[LLVMdev] Vector types as function arguments and interfacing with C
Chris Lattner
clattner at apple.com
Tue Jul 29 10:38:27 PDT 2008
On Jul 29, 2008, at 10:25 AM, Brendan Younger wrote:
> I have tried GCC's vector extensions, however, it seems that GCC and
> LLVM don't exactly agree on the ABI for these vector types. On x86,
> they both pass the arguments in xmm0 and xmm1 and everything is
> roses. However, on PPC, the following happens:
>
> define <2 x double> @add(<2 x double> %a, <2 x double> %b) nounwind {
> %result = add <2 x double> %a, %b
> ret <2 x double> %result
> }
Hi Brendan,
PowerPC doesn't support the vector type of <2 x double>. If you stick
with types supported by altivec, they will be passed in altivec
registers.
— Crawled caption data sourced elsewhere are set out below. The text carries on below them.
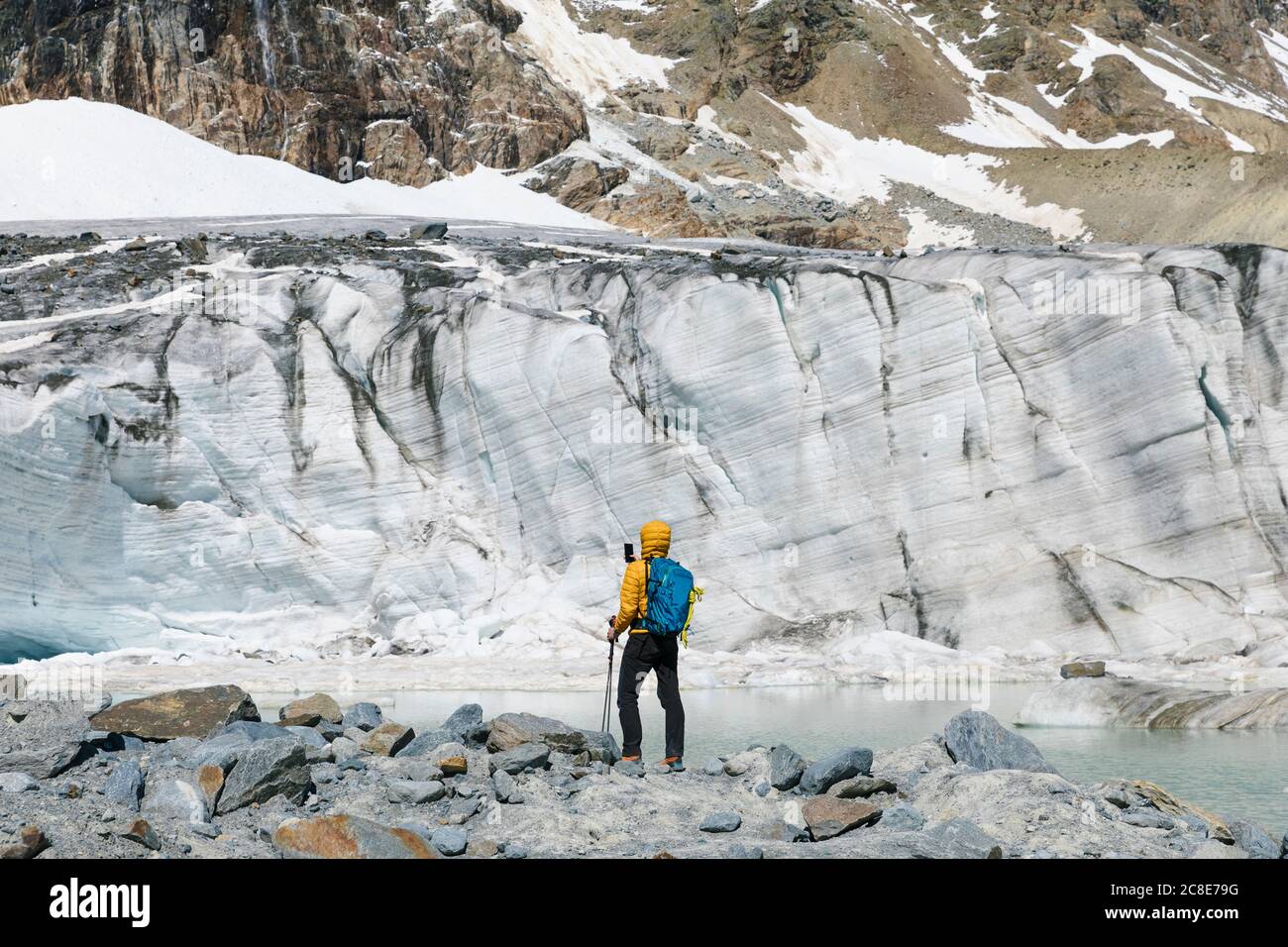 Homme randonnée tout en regardant fondre glacier Banque D'Images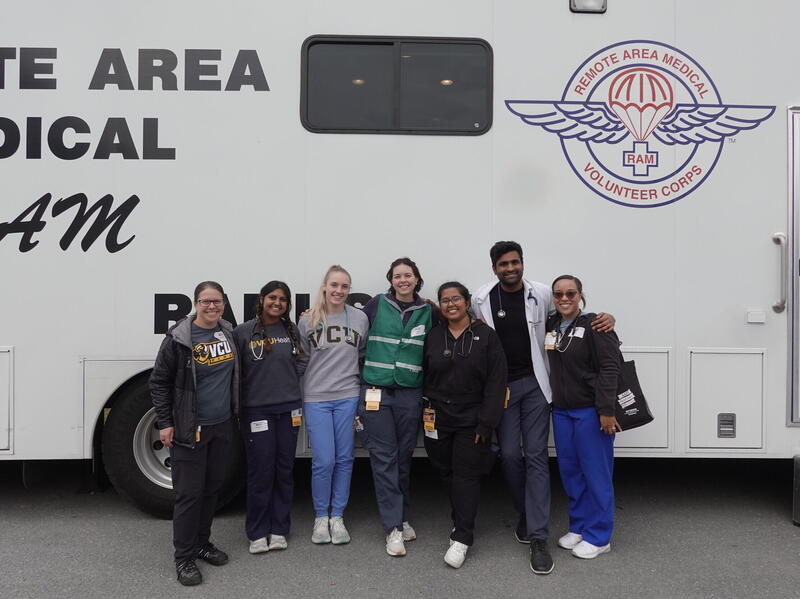 A group photo of seven people standing in front of a trailer. 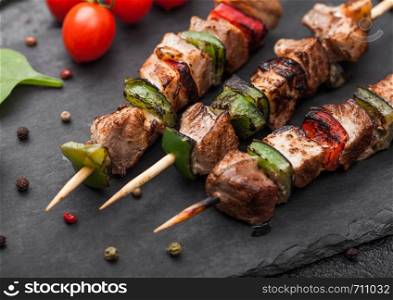 Grilled pork and chicken kebab with paprika on stone chopping board with salt, pepper and tomatoes on black. Macro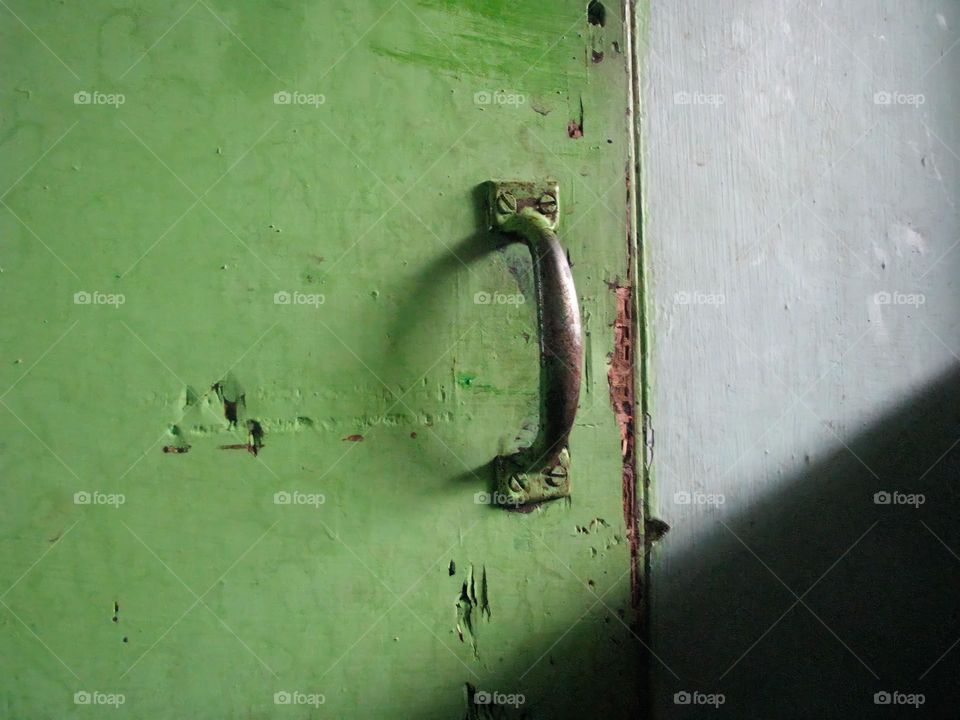 Close-up of a metal door handle attached to a worn and peeling green door in low angle view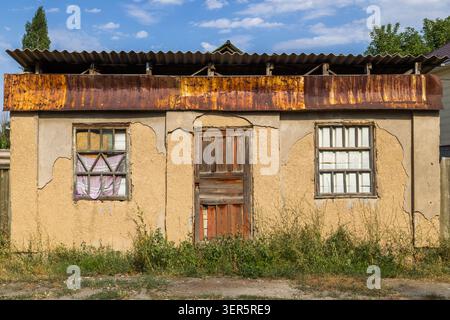 Weathered building features yellow stucco facade and rusty corrugated metal roof. Overgrown weeds and dry grass enhance the rustic, neglected atmosphe Stock Photo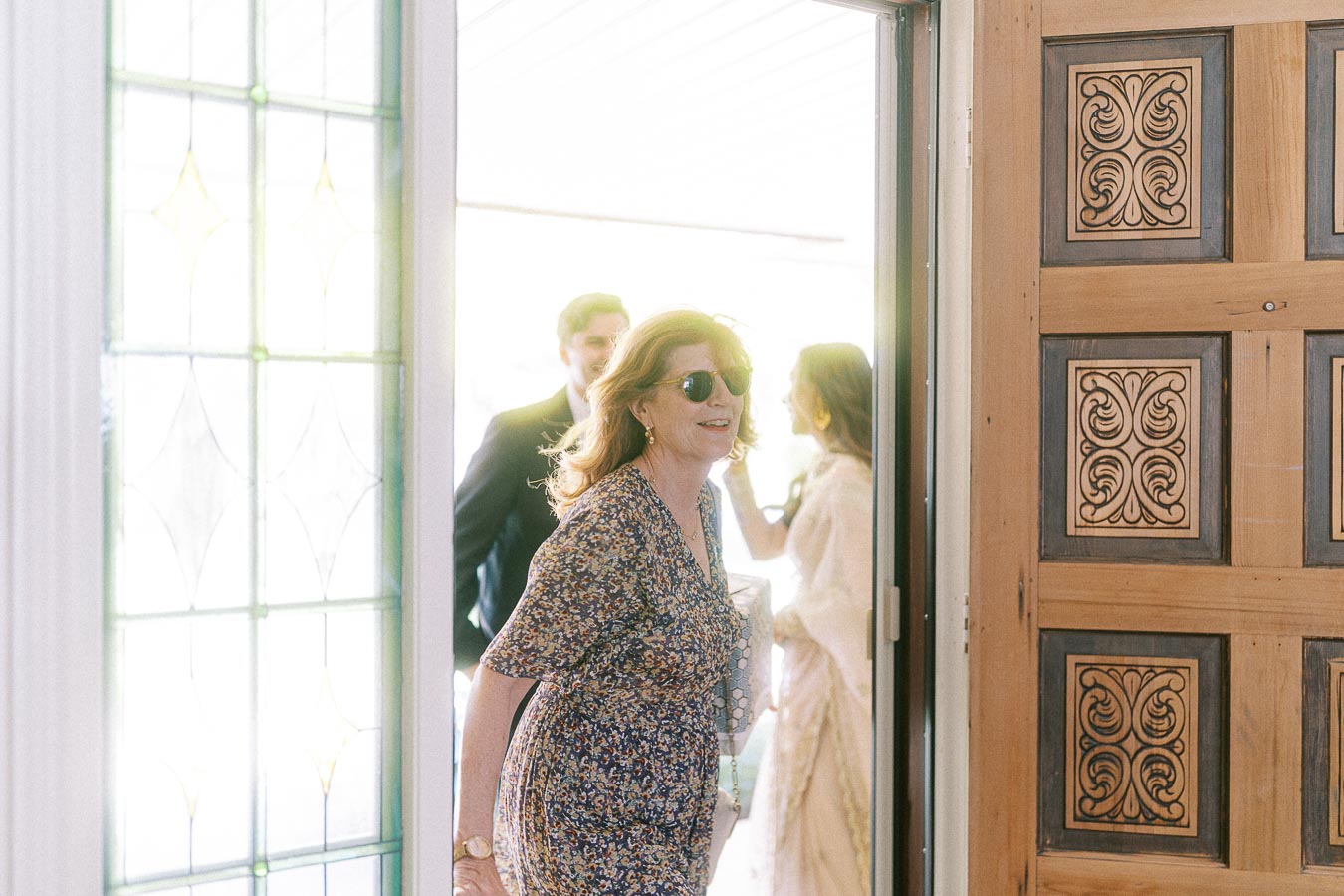 Woman in a floral dress and sunglasses entering a sunlight-lit doorway, with intricate wooden door design and stained glass window.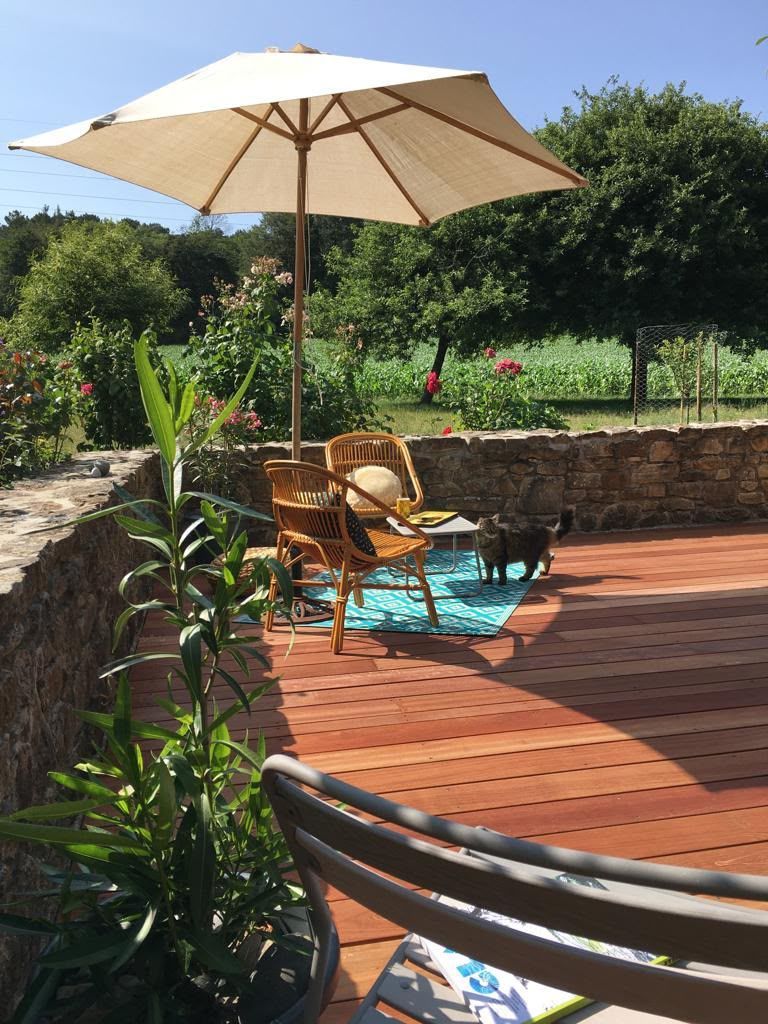 Terrasse avec des chaises longues en bois sous un parasol crème, à côté d’un mur en pierre et d’un jardin verdoyant.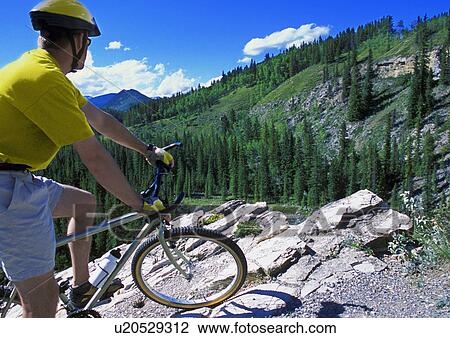 Cyclist enjoying Cliffside view View Large Photo Image Stock Image - Cyclist enjoying Cliffside view. Fotosearch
In general, handling ABI compatibility is a really nasty
business, so I suggest sticking to simple types if you want to
interoperate.
-Chris
>
>
> compiles to (under the latest 2.4svn)
>
> _add:
> fadd f2, f2, f4
> fadd f1, f1, f3
> blr
>
> which means that LLVM very sensibly passes the doubles in registers
> f1, f2, f3, f4. However, on the C end, GCC compiles
>
> typedef double interval_t __attribute__ ((__vector_size__(16)));
>
> interval_t add(interval_t a, interval_t b) {
> return a + b;
> }
>
> to the following (under gcc version 4.0.1 (Apple Inc. build 5484))
>
> _add:
> lfd f0,80(r1)
> lfd f12,64(r1)
> lfd f13,72(r1)
> fadd f12,f12,f0
> lfd f0,88(r1)
> fadd f13,f13,f0
> stfd f12,-32(r1)
> stfd f13,-24(r1)
> lwz r3,-32(r1)
> lwz r4,-28(r1)
> lwz r5,-24(r1)
> lwz r6,-20(r1)
> blr
>
> which means that GCC is choosing to pass the doubles on the stack
> instead of in registers and so I cannot mix the LLVM code with the GCC
> code.
>
> Now, I realize that __vector_size__ is a GCC extension and so they're
> allowed to do whatever they want as far as ABIs are concerned, but is
> there any plan to have GCC match LLVM's ABI or vice-versa?
>
> And on a somewhat unrelated note, I have code that changes the
> floating point rounding mode to round-to-negative-infinity. Does LLVM
> reorder floating point computations or do any simplification which
> might be invalid with that rounding mode rather than the default
> round-
> to-nearest? I've looked at the various "opt" options and can't find
> any that deal with floating point optimizations so I assume no.